[How to complete this task] Please restate every line below exactly, without any pictures.

** Opening Information supplied block **

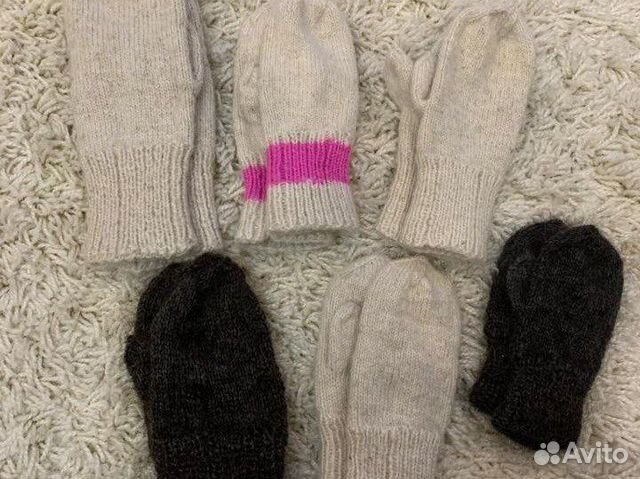 Варежки детские шерстяные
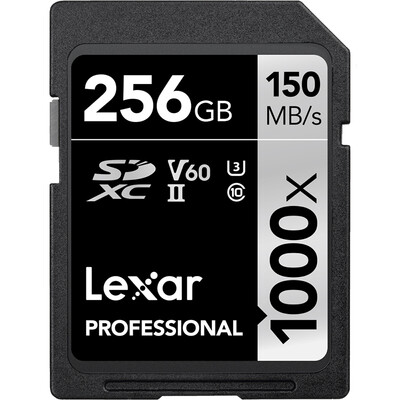 

Lexar 256GB read 150MBs write 90MBs SDXC UHS-II U3 ​​V60 SD high speed memory card 1000x MLC particles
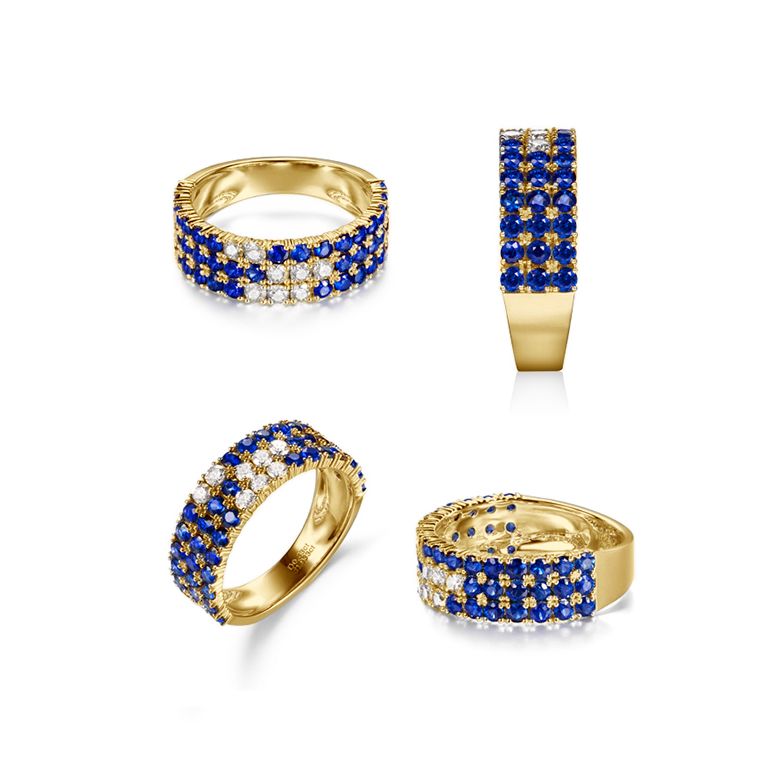 Anello Veretta Blue Lagoon - Oro Giallo, Mezzo Giro di Zaffiri & Diamanti - 3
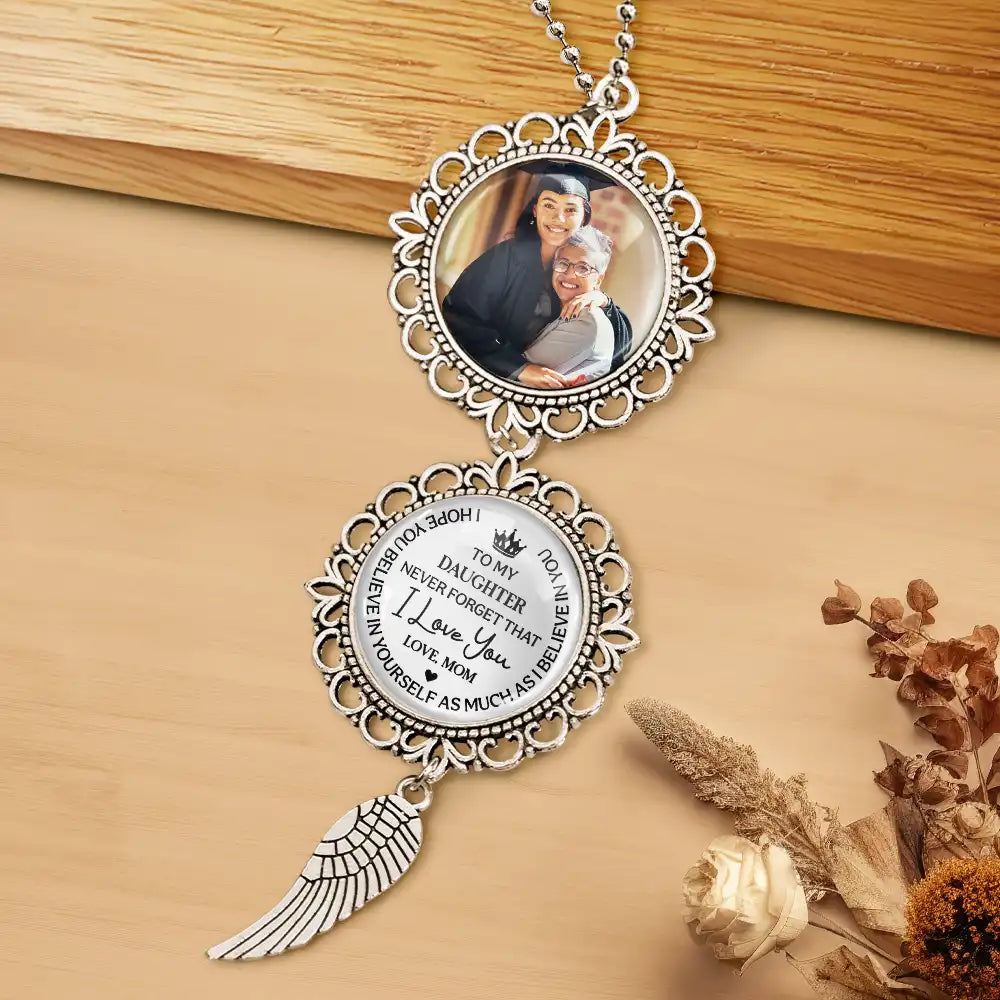 Graduation, Gift For Daughter, Gift For Son, Love - Custom Photo To My Son Never Forget That I Love You - Personalized Photo Pendant Charm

** Closing Information supplied block **

[Response]
 Варежки детские шерстяные

Lexar 256GB read 150MBs write 90MBs SDXC UHS-II U3 ​​V60 SD high speed memory card 1000x MLC particles
 Anello Veretta Blue Lagoon - Oro Giallo, Mezzo Giro di Zaffiri & Diamanti - 3
 Graduation, Gift For Daughter, Gift For Son, Love - Custom Photo To My Son Never Forget That I Love You - Personalized Photo Pendant Charm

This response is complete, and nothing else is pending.